Comments on statistical analysis: this study was an intra‐person (between eye) comparative trial. However, the results presented in the paper appeared not to be from a paired analysis. This represents a statistical analysis error, which limits our confidence in the reported inter‐eye differences.
Risk of bias
Bias Authors' judgement Support for judgement
Random sequence generation (selection bias) Unclear risk Judgement comment: not reported how list was generated.
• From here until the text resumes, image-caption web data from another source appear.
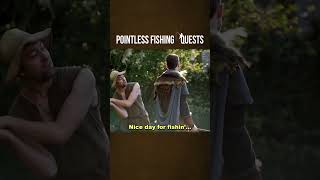 Want another pointless fishing quest Wishlist Epic NPC Man Nice Day for Fishing on steam NOW [upl. by Eecram]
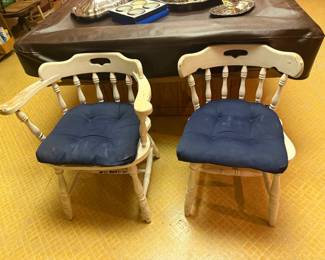 Wooden Chairs 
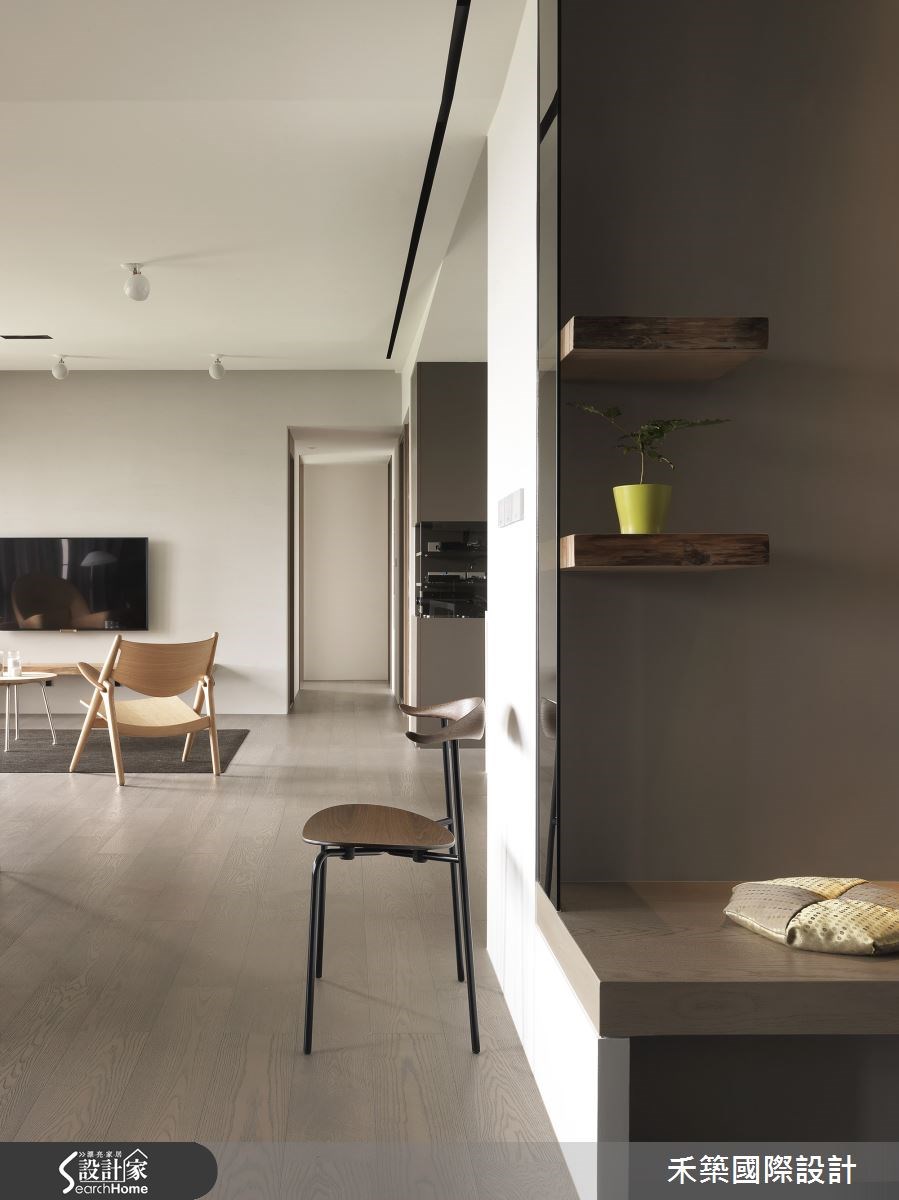 40坪中古屋(5~15年)＿現代風玄關案例圖片＿禾築國際設計＿禾築_35之1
Trial was described as "randomised" but with no further details.
Allocation concealment (selection bias) Unclear risk Judgement comment: allocation administration not reported.
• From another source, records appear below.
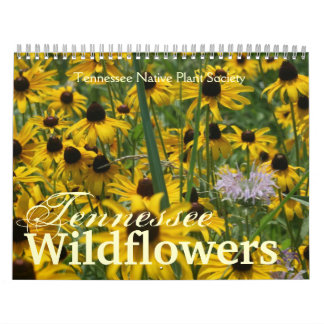Tennessee Wildbloemen Kalender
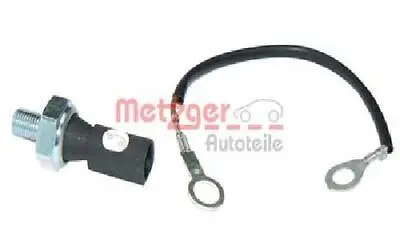 Original Metzger Oil Pressure Switch 0910054 For Audi Seat Skoda VW • $20.20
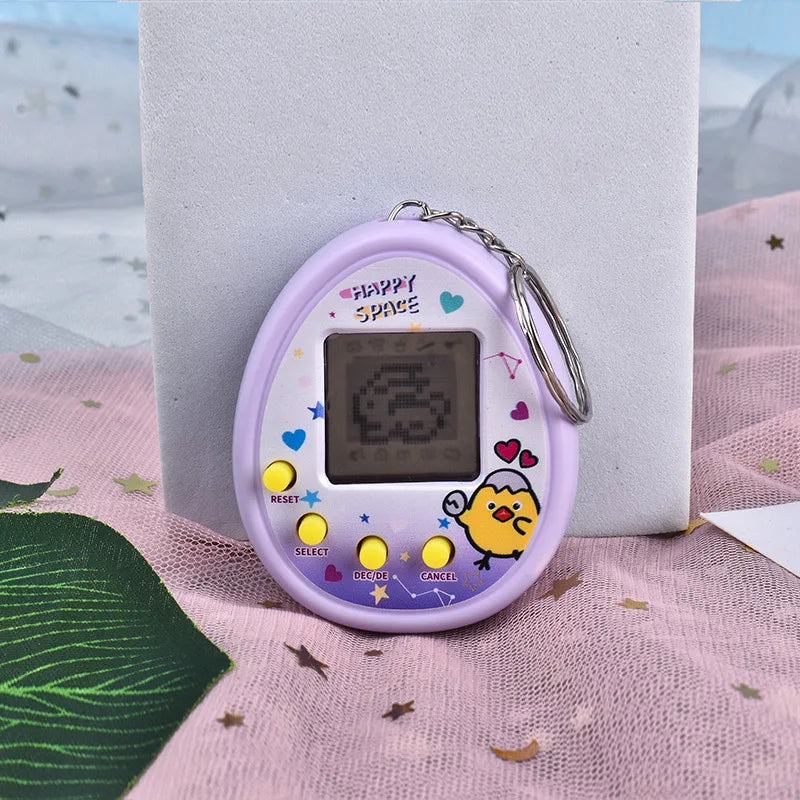 👉 PixelPet Ei 🐾 – Virtuelles Haustier im Retro 90er Tamagotchi-Style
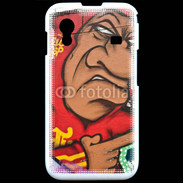 Coque Samsung ACE S5830 Graffiti personnage antipathique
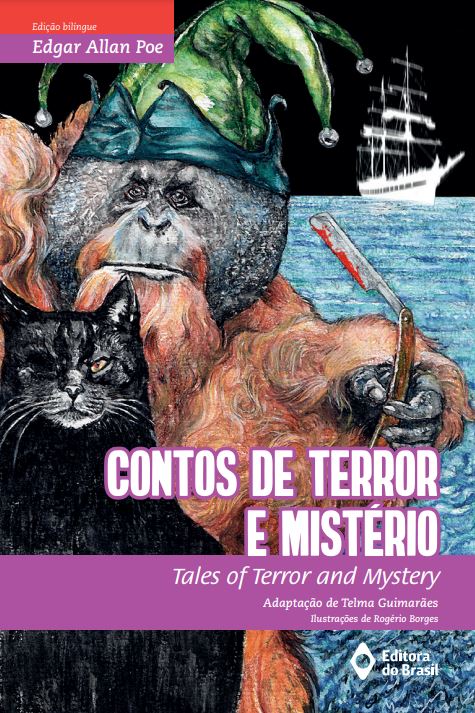 Contos de terror e mistério / Tales of terror and mystery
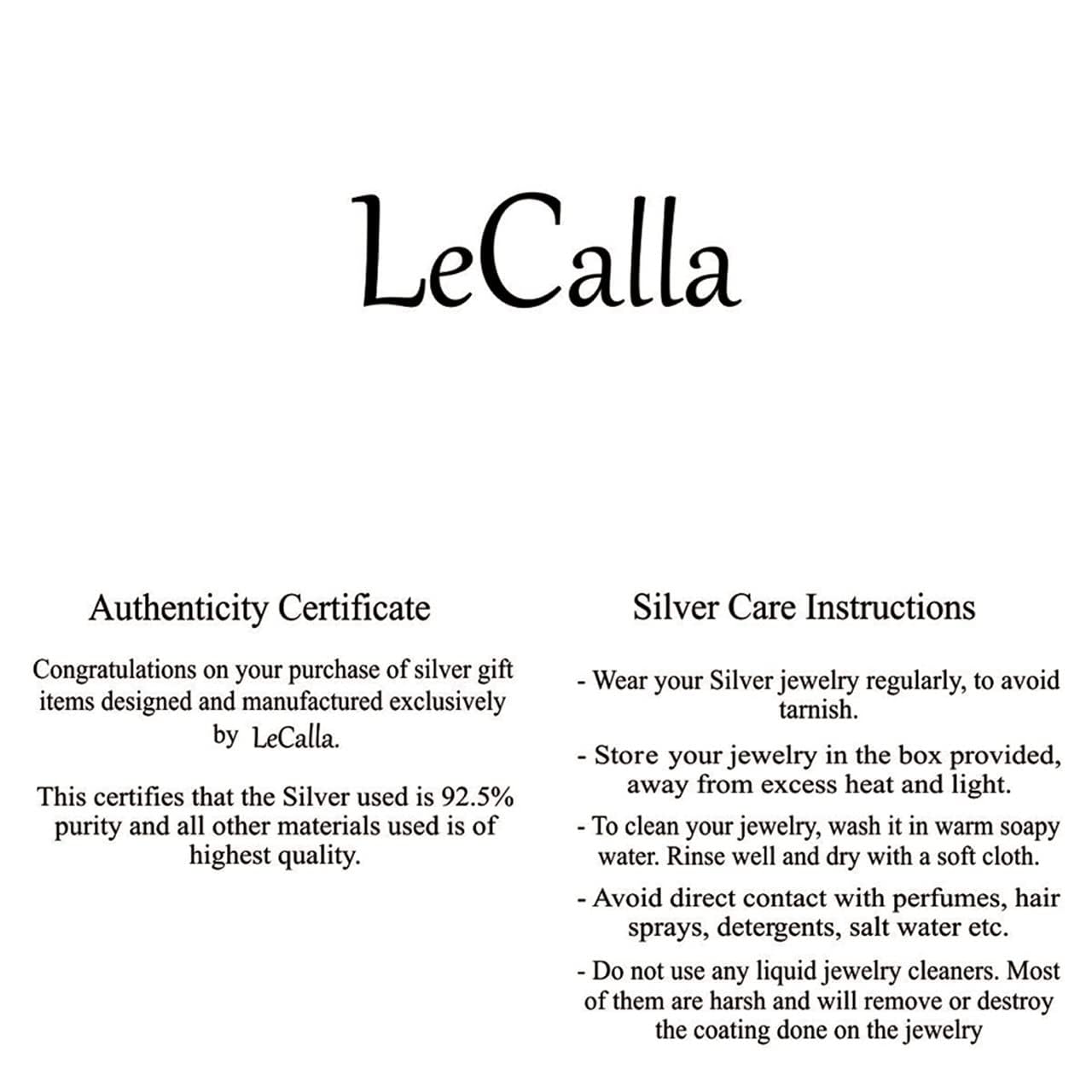 LeCalla 925 Sterling Silver Omega Back Earrings for Women | Classic Teardrop Omega Clip Stud Earring | Women's Piercing Earrings Jewelry for Daily Wear or Special Occasions 18MM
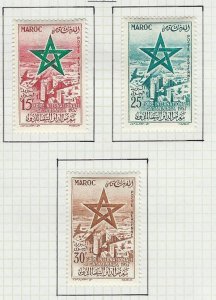 Morocco  mh sc C1-C3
Blinding of participants and personnel (performance bias) 
 All outcomes Unclear risk Judgement comment: stated as "double‐blind" but no indication of who was masked.
Blinding of outcome assessment (detection bias) 
 All outcomes Unclear risk Judgement comment: stated as "double‐blind" but no indication of who was masked.
Incomplete outcome data (attrition bias) 
 All outcomes Low risk Judgement comment: missing data < 20% (i.e. > 80% participant follow‐up) and equal follow‐up in both groups and no obvious reason why loss to follow‐up should be related to outcome.
Selective reporting (reporting bias) High risk Judgement comment: retrospective registration of trial.
Other bias Low risk Judgement comment: no other apparent sources of bias.

BCVA: best‐corrected visual acuity; BUT: break‐up time; CFS: corneal fluorescein staining; IPL: intense pulsed light; LLT: lipid layer thickness; MGD: meibomian gland dysfunction; MGX: meibomian gland expression; MGYSS: Meibomian Glands Yielding Secretion Score; NIBUT: non‐invasive break‐up time; OCT: optical coherence tomography; SD: standard deviation; SPEED: Standard Patient Evaluation of Eye Dryness; TER: tear evaporation rate; TMH: tear meniscus height; VAS: visual analogue scale.